Provided data –
* * * * *

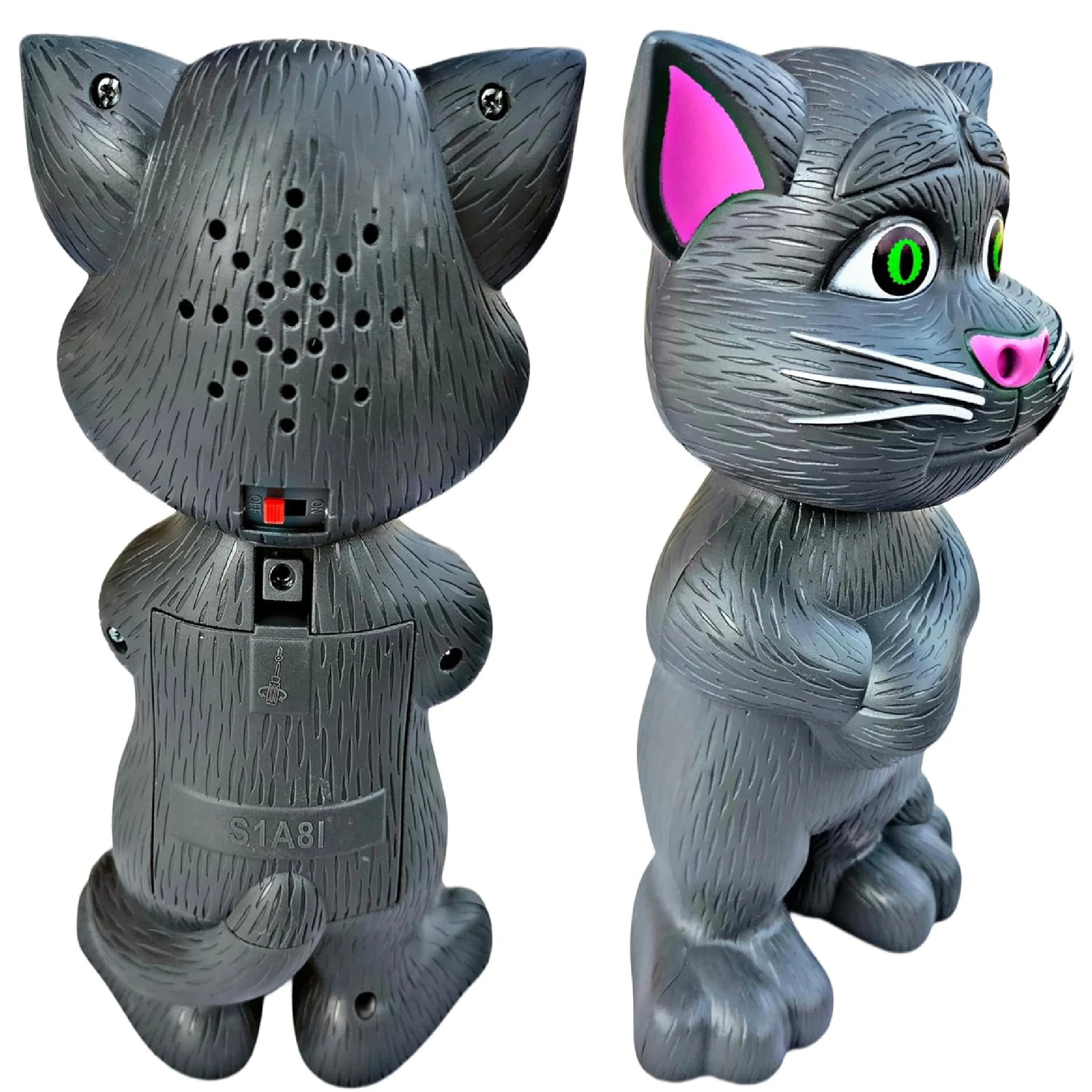 Intelligent TOM CAT: The Talking Toy That Mimics You!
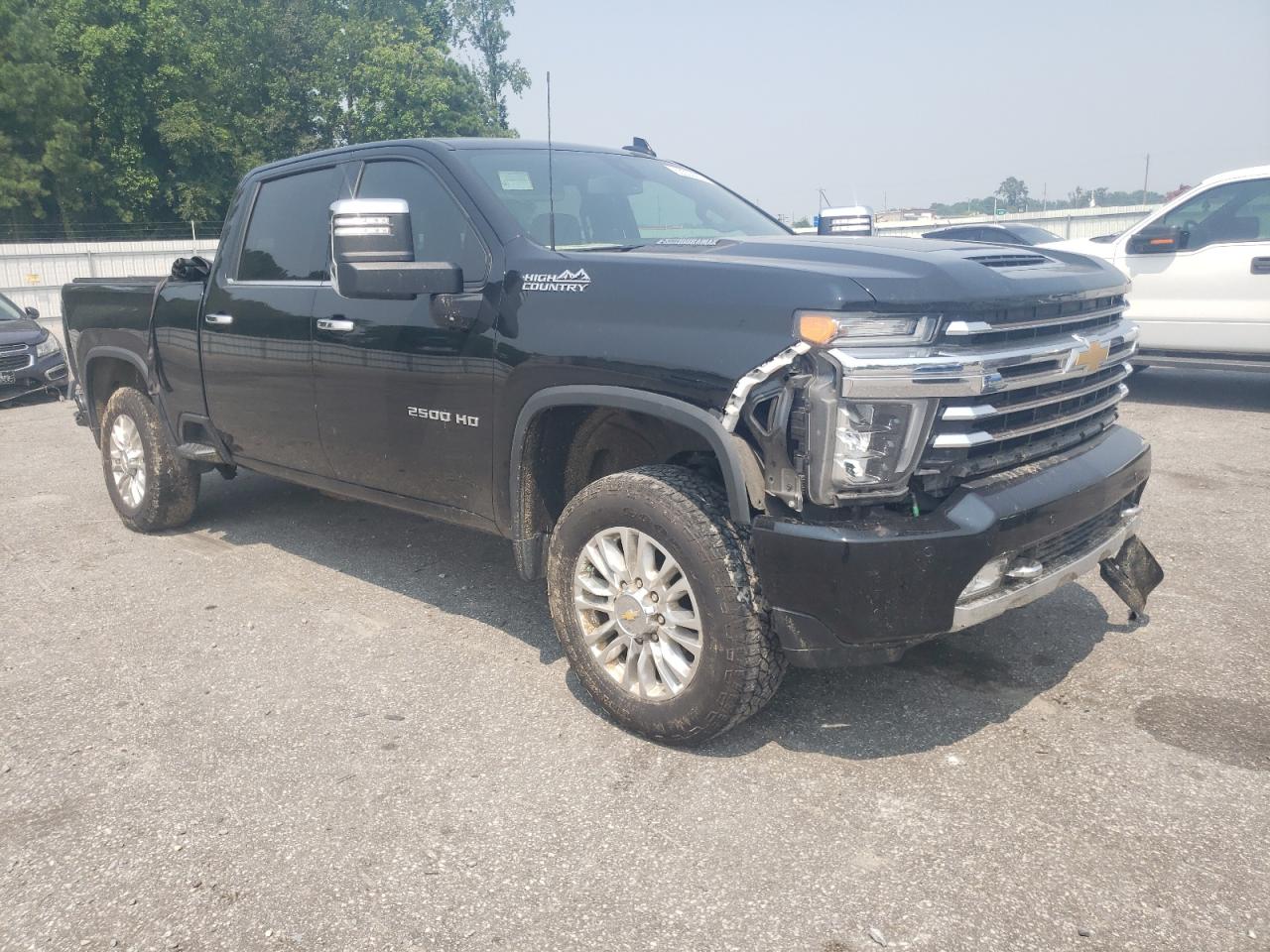 Photo 3 VIN: 2GC4YREY2N1204565 - CHEVROLET SILVERADO 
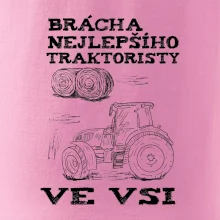 Brácha nejlepšího traktoristy ve vsi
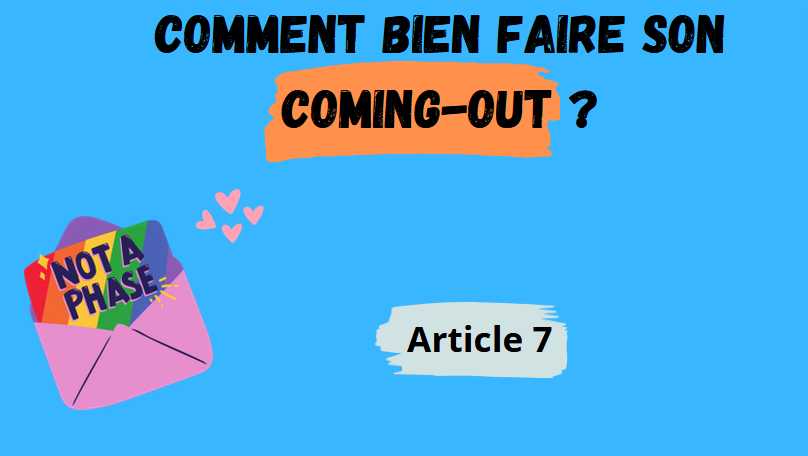Comment faire son coming-out ?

* * * * *

Return, exactly and without extra lines, everything from the line with "Brácha nejlepšího traktoristy ve vsi" through the last line of the material above, both included. Pictures must be dropped.

Solution to this problem –
 Brácha nejlepšího traktoristy ve vsi
Comment faire son coming-out ?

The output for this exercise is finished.